Governo al lavoro sul Dl Primo Maggio conterrà una serie di iniziative volte a rafforzare le politiche attive del lavoro e contrastare il lavoro povero: Giovani, Zes, donne, rider: in preparazione un testo che punta a rafforzare le tutele per le fasce più esposte e contrastare il lavoro povero, ci sarà anche la norma sul «salario giusto».



Il provvedimento vuole «dare una risposta alle aspettative e alle esigenze dei lavoratori e delle imprese;

Un capitolo sarà dedicato alla sicurezza sul lavoro, con «l'estensione delle tutele in favore delle famiglie, dei lavoratori delle piattaforme digitali e un sempre più incisivo contrasto ai fenomeni di sfruttamento e caporalato» e «nuove misure per dare una risposta sempre più forte alle categorie maggiormente esposte al tema del carovita».

Un altro capitolo sarà dedicato a «norme efficaci per garantire un salario giusto ai lavoratori» che negli obiettivi dell'esecutivo «daranno risposte più celeri e più concrete di quanto si sarebbe potuto fare con la legge di attuazione della delega in materia di contrattazione collettiva, i cui temi saranno ricompresi e sviluppati nel decreto».

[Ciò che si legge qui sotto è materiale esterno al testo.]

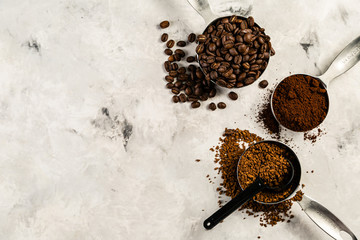 Coffee concept - beans, ground, instant, capsules marble background top view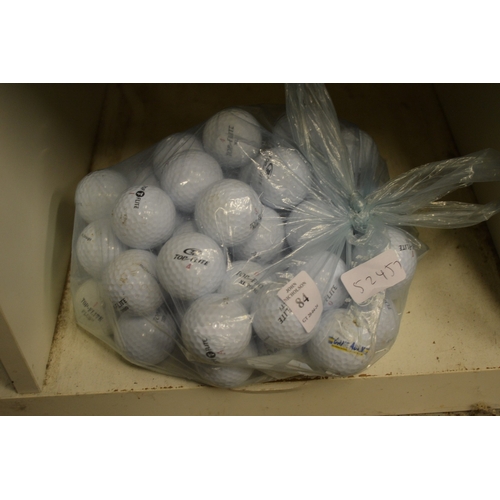 84 - A bag of fifty Top Flite golf balls.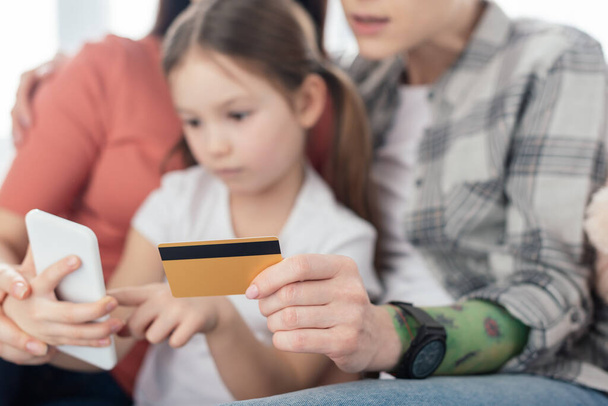 Selective focus of same sex parents holding credit card while daughter using smartphone at home  - Photo, Image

Il decreto si rende urgente, anche, alla luce del contesto di crisi internazionale, che espone il mondo del lavoro a uno stress che è compito del governo prevenire e affrontare con determinazione, all'interno di una visione strutturale che punta a rendere il lavoro sempre più dignitoso e remunerativo.

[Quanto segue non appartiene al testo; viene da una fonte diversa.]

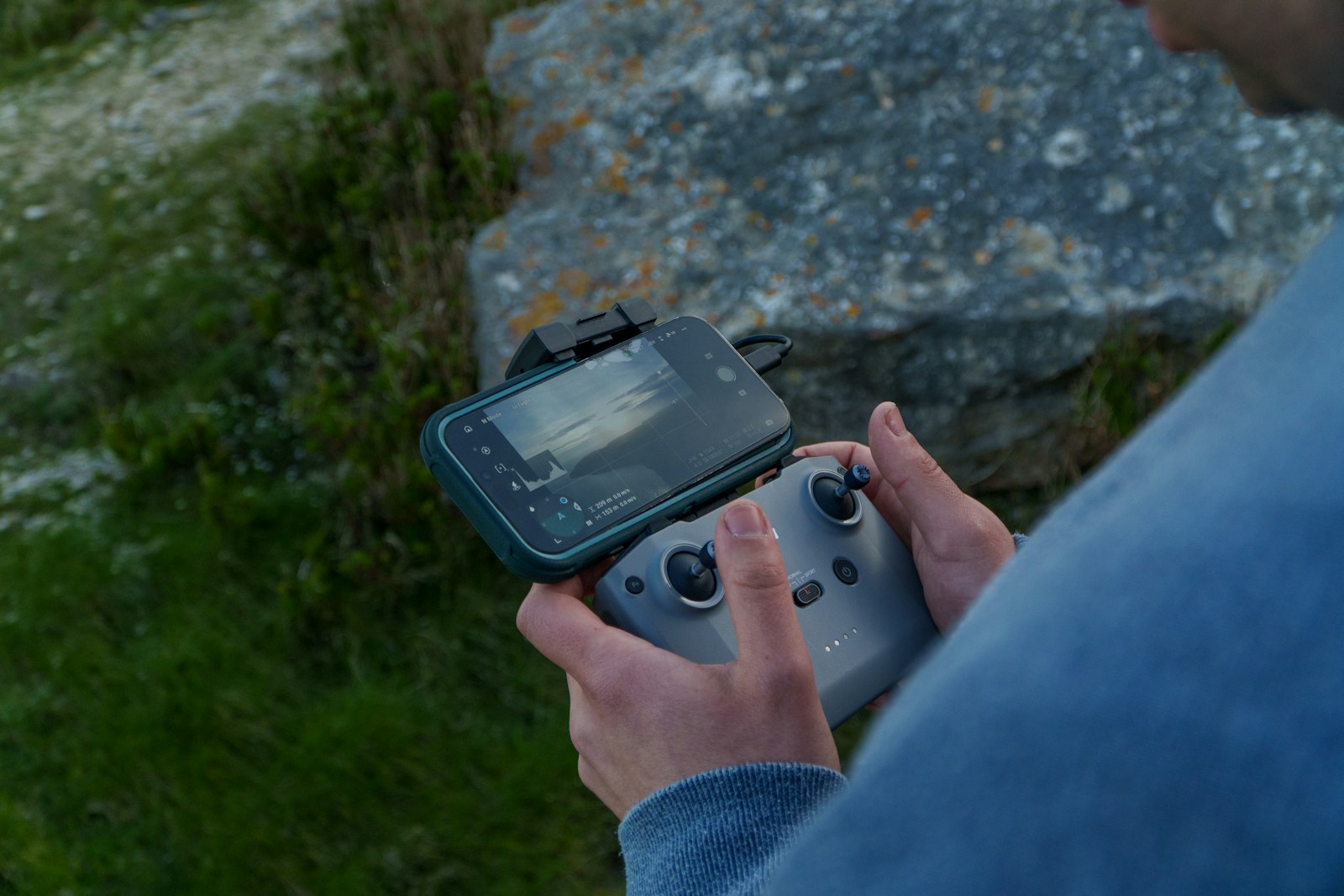 Person holding a drone controller with a built-in screen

il provvedimento vuole essere l'occasione per ribadire un patto di fiducia tra Stato, parti sociali e cittadini, in questo percorso, il dialogo con le parti sociali resta imprescindibile: l'obiettivo comune è quello di costruire un mercato del lavoro più inclusivo, sicuro e dinamico, capace di trasformare la crescita occupazionale in benessere sociale diffuso per l'intero Paese.

Ecco le misure allo studio:

·        Giovani. Il dl potrebbe rendere stabili le decontribuzioni per le assunzioni degli under 35 in scadenza il 30 aprile.

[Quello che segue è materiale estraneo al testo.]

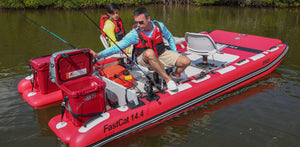 Red Sea Eagle FastCat 14.4 inflatable catamaran with two men fishing, featuring Yeti coolers and swivel seats.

·        Zes. Stesso piano per le agevolazioni alle assunzioni nelle Zes, anch'essere in scadenza a fine mese.

·        Donne. Si attendono anche misure in favore dell'occupazione delle donne, con il possibile rafforzamento del bonus mamme. Al momento è in vigore fino a fine dicembre la decontribuzione parziale per le assunzioni di lavoratrici con almeno due figli e la decontribuzione totale per le donne con almeno tre figli.

·        Rider. Il governo lavorerebbe anche a un intervento sui rider, in risposta alle recenti inchieste della Procura di Milano contro lo sfruttamento dei colossi del food delivery. A quanto si apprende è allo studio l'introduzione di un obbligo di accesso alle piattaforme tramite Spid o Cie in modo che il lavoratore non sia più "invisibile" o sotto dipendenza di caporali digitali. 

·        una nuova detassazione degli incrementi contrattuali.

·        costi permettendo, potrebbe trovare spazio anche un rialzo dei fringe benefit nel quadro delle misure contro il carovita.

·        il diritto dei lavoratori a una retribuzione proporzionata e sufficiente, tramite il rafforzamento della contrattazione collettiva e l'individuazione di criteri che riconoscano l'applicazione dei trattamenti economici complessivi minimi previsti dai Ccnl più diffusi.

Il tema del lavoro e della precarietà saranno un nuovo terreno di scontro politico tra maggioranza e opposizione.

C'è ancora molto da fare per l'occupazione femminile ed è evidente che esistono ancora sacche di lavoro povero,

il dumping contrattuale riguarda circa 100.000 lavoratori su 19 milioni di lavoratori dipendenti a termine e a tempo indeterminato e circa 5,1 milioni di lavoratori autonomi, un granello di polvere che prude a tutti come se fosse il male del mercato del lavoro, rappresentano una piccola percentuale del lavoro povero, mentre prende sempre più piede la trasformazione del lavoro in partite IVA.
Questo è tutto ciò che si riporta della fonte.